Activity: Check each line of the entries for "infection" and report the ones that have it.

Record set:

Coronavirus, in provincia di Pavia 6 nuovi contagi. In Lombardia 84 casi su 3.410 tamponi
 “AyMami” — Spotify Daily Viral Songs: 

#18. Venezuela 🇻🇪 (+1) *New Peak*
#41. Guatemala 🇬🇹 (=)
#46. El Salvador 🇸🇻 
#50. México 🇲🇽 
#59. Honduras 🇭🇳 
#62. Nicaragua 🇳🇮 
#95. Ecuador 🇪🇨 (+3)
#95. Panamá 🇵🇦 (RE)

...

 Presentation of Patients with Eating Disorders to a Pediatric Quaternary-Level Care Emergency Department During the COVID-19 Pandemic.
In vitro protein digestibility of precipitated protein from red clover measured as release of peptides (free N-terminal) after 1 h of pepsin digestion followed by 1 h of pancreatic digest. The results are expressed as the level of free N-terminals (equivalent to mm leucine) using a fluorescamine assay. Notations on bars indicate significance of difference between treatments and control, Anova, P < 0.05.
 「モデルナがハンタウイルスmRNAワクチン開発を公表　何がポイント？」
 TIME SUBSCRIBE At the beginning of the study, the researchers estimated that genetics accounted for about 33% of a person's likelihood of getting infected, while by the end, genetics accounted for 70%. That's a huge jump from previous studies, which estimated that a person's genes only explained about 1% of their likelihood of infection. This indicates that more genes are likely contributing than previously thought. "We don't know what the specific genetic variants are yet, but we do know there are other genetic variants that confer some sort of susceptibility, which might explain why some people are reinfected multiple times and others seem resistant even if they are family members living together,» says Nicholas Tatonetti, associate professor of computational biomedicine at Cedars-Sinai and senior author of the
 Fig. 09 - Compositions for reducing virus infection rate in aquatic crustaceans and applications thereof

Output:
 TIME SUBSCRIBE At the beginning of the study, the researchers estimated that genetics accounted for about 33% of a person's likelihood of getting infected, while by the end, genetics accounted for 70%. That's a huge jump from previous studies, which estimated that a person's genes only explained about 1% of their likelihood of infection. This indicates that more genes are likely contributing than previously thought. "We don't know what the specific genetic variants are yet, but we do know there are other genetic variants that confer some sort of susceptibility, which might explain why some people are reinfected multiple times and others seem resistant even if they are family members living together,» says Nicholas Tatonetti, associate professor of computational biomedicine at Cedars-Sinai and senior author of the
 Fig. 09 - Compositions for reducing virus infection rate in aquatic crustaceans and applications thereof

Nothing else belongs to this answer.